Neo kept watching him.
"Where am I?"
"I'm taking you to my place," Richards replied. "You'll stay the night there." He glanced at the mirror again. "You've been asleep for about two hours."
Neo frowned faintly. "Two hours?"
Richards's mouth twitched. "You were muttering."
Neo's expression sharpened at once. "Muttering what?"
Richards let the question hang for half a beat, then waved it off with one hand.
"Nothing important." His tone turned lighter on purpose. "We'll get food first, then talk. I've been hearing your stomach since before you passed out."
Neo did not answer.
He turned his head toward the window instead.
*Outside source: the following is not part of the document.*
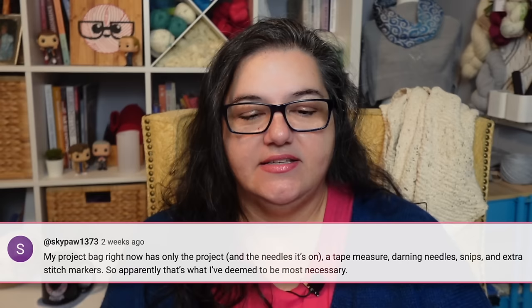Skypaw says: 'My project bag right now has only the project and the needles it's on, a tape measure, darning needles, snips, and extra stitch markers — apparently that's what I've deemed most necessary.' I totally agree. I forgot tape measure — I don't have that in my on-the-go bag but I probably should, but yeah, you can get by with just a few things.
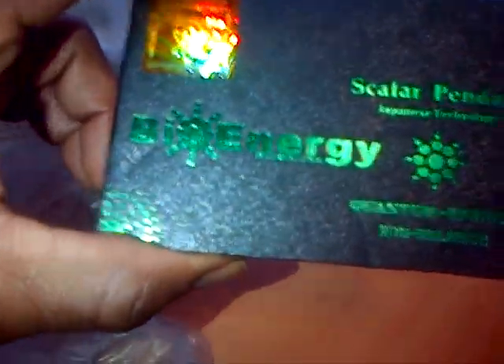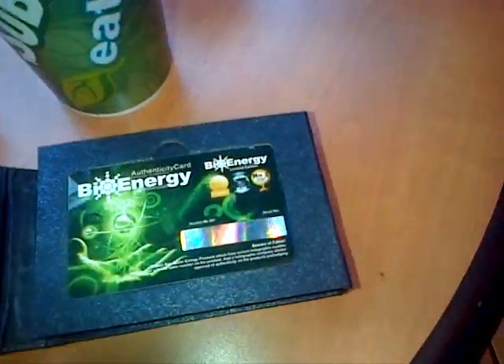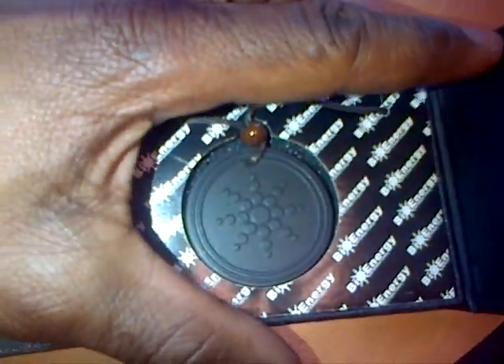Bio energy scalar pendant — Japanese technology, quantum energy, ion balance. This is what a scalar pendant looks like. But I want to ask about what's in your hands there.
This part of the city had nothing to do with Zone 0. The roads held their shape, the buildings stood the way buildings were supposed to, and even the lights looked like they had never failed anyone. Neo had not been in a place like this in years. Maybe longer.
His reflection stared back faintly in the glass. White hair. Pale yellow eyes. A boy who still looked like he belonged somewhere rougher than this.
Richards had said we'll talk.
Neo had no illusions about what that meant. Richards wanted the name confirmed properly. He wanted details. He wanted whatever Neo had seen in that tavern laid out where he could use it. And Neo had handed him the thread himself the moment he said the name out loud.
'Smart.'
The thought came without bitterness.
'He knew I'd already made the decision before I said it.'
Neo held the reflection a beat longer.
The question was what Richards would do with it. If the investigation was real, if the Duplains had genuinely left a trail of clean scenes and buried cases behind them, then Richards needed Neo alive and cooperative, not processed, not reported.
Which meant, for now, their interests aligned.
For now.
Neo let out a slow breath through his nose and said nothing else as the car moved deeper into the city, the lights outside growing steadier and brighter the farther they got from Zone 0.
Tonight, at least, he was not going back there.